(Source data)
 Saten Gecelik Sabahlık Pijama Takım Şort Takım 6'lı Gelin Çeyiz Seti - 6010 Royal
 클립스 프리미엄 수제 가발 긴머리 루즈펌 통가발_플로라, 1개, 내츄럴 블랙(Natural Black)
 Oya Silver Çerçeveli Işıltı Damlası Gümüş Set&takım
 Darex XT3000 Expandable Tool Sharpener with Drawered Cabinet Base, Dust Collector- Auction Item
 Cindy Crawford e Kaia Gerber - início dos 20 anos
(End Source data)
(Source data)
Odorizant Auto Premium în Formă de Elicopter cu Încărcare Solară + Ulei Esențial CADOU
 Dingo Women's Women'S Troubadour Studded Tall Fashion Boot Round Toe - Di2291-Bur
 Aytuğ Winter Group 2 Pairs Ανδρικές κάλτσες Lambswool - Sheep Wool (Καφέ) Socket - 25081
(End Source data)
What you need to do » Output should match, line for line, the stretch of the material above from the line holding "Saten Gecelik Sabahlık" through the line holding "Cindy Crawford e".

Solution to this task »
 Saten Gecelik Sabahlık Pijama Takım Şort Takım 6'lı Gelin Çeyiz Seti - 6010 Royal
 클립스 프리미엄 수제 가발 긴머리 루즈펌 통가발_플로라, 1개, 내츄럴 블랙(Natural Black)
 Oya Silver Çerçeveli Işıltı Damlası Gümüş Set&takım
 Darex XT3000 Expandable Tool Sharpener with Drawered Cabinet Base, Dust Collector- Auction Item
 Cindy Crawford e Kaia Gerber - início dos 20 anos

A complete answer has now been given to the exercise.